Wie geht es nach Abgabe der Bewerbungsunterlagen weiter?
Insgesamt gibt es eine Reihe von Verfahrensunterschieden zwischen Bewerbungen in Wirtschaft und Wissenschaft. Während Unternehmen meist ein Interesse daran haben, offene Stellen relativ zügig zu besetzen, mahlen die Mühlen im öffentlichen Dienst insgesamt langsamer. Insbesondere nach Ausschreibungen von Professuren können bis zum Dienstantritt durchaus ein bis zwei Jahre vergehen, doch nimmt die persönliche Begutachtung der einzelnen Bewerber/innen dabei die geringste Zeit in Anspruch: Häufig genügt der Berufungskommission im Unterschied zu Unternehmen eine einmalige Vorstellung der Kandidat/innen an der Hochschule, um sich ein Bild zu verschaffen. Die anlässlich von Vorstellungsgesprächen und Berufungsvorträgen entstehenden Reisekosten werden von Hochschulen übrigens nur selten erstattet, während dies in der Wirtschaft selbstverständlich ist.

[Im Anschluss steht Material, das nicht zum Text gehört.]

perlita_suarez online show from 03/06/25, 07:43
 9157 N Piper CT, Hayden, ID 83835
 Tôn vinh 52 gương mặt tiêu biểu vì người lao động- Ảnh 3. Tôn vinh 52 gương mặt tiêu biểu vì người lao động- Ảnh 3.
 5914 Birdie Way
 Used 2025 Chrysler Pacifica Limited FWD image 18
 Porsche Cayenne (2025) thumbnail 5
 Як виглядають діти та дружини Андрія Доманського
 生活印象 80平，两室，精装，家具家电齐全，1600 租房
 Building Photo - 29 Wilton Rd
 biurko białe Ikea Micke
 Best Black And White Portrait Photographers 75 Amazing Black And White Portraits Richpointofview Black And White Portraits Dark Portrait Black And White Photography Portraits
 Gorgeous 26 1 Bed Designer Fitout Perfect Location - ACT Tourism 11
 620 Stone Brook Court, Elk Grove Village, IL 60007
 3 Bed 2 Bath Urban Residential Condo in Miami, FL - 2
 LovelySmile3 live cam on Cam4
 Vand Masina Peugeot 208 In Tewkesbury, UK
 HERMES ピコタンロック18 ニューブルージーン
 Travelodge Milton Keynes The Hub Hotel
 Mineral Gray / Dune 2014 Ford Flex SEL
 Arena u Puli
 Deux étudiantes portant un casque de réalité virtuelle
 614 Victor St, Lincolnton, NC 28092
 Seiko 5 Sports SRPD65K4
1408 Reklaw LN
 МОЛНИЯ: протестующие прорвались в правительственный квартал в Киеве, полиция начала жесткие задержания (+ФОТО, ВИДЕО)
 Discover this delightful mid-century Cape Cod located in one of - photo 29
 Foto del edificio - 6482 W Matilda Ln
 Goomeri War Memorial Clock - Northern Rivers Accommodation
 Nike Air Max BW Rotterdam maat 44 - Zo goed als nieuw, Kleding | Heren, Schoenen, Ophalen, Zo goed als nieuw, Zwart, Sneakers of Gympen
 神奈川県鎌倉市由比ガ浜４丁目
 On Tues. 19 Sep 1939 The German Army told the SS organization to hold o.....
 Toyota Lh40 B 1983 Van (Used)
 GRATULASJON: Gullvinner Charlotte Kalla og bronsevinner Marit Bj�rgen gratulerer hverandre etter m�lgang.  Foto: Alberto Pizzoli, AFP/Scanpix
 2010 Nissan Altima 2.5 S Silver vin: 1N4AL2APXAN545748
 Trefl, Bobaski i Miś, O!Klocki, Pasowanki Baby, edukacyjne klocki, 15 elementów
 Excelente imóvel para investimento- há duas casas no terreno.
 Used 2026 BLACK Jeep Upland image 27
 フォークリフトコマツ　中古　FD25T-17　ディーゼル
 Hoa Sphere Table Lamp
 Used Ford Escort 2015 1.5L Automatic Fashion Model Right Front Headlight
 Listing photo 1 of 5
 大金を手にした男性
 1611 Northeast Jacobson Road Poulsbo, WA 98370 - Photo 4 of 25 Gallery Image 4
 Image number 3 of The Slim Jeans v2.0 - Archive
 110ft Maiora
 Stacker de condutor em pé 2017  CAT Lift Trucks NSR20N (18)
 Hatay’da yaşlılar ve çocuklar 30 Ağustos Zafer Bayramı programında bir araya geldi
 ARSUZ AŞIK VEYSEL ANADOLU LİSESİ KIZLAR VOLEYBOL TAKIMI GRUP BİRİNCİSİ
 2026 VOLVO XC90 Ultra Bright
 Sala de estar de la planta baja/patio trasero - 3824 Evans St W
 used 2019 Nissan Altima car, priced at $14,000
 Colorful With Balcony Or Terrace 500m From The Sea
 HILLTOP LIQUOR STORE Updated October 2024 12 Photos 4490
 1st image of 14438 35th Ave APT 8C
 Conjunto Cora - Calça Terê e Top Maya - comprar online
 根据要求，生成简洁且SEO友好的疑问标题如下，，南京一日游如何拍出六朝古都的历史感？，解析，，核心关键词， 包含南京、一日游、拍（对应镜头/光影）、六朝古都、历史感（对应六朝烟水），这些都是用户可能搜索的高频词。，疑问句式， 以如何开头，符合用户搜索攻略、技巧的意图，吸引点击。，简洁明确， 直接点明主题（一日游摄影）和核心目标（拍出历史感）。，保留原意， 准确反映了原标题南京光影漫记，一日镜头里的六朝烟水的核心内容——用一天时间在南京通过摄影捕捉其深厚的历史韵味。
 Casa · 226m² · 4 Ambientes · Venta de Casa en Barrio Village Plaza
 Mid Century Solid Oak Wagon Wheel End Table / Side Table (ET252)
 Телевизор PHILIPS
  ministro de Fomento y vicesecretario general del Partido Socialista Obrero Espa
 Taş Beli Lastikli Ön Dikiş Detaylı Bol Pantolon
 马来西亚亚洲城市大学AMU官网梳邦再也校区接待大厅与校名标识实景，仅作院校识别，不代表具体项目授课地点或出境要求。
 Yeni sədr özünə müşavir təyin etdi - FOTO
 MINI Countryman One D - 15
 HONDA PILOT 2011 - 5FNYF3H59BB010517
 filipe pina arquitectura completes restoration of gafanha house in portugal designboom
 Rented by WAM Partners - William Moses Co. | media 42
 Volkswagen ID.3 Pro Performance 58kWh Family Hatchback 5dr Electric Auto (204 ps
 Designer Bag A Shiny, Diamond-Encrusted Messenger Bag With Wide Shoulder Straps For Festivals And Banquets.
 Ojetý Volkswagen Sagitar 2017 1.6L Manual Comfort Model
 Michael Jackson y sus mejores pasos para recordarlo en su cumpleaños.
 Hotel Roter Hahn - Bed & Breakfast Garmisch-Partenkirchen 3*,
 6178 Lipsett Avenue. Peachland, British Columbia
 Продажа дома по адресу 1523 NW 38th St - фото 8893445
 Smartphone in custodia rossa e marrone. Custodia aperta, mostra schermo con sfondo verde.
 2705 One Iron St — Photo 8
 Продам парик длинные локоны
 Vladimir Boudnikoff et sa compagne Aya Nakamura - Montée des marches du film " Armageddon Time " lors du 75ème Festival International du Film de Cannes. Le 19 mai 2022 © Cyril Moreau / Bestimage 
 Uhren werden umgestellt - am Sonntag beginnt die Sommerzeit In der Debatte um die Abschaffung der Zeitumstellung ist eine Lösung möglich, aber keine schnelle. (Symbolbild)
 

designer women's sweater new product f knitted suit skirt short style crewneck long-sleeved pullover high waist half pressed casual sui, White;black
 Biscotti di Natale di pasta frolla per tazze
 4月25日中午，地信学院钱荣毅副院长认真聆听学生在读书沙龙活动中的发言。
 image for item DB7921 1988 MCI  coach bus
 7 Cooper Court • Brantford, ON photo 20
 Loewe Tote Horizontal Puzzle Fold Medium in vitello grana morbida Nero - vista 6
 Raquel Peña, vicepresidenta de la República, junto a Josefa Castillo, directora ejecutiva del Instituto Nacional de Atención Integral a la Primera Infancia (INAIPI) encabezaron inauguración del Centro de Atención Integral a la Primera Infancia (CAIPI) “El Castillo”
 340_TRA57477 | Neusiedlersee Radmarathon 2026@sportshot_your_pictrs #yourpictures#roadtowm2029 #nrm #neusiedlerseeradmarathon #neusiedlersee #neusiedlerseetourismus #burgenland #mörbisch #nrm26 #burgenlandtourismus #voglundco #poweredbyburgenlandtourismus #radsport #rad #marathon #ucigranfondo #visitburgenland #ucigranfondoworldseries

In vielen Unternehmen wird es als positiv gewertet, nach dem Vorstellungsgespräch noch einmal anzurufen und sich z.B. nach dem Stand des Verfahrens zu erkundigen. An Universitäten und Hochschulen ist diese Praxis jedoch im Allgemeinen unüblich; besonders im Rahmen universitärer Berufungsverfahren gilt sie als unangemessen und geradezu aufdringlich – hier ist daher Zurückhaltung angebracht. Ein differenziertes Feedback zum eigenen Auftritt, aus dem sich erkennen lässt, warum es in diesem Fall mit der Bewerbung nicht geklappt hat, bildet leider sowohl in weiten Teilen der Wirtschaft als auch in der Wissenschaft noch immer eine Ausnahme.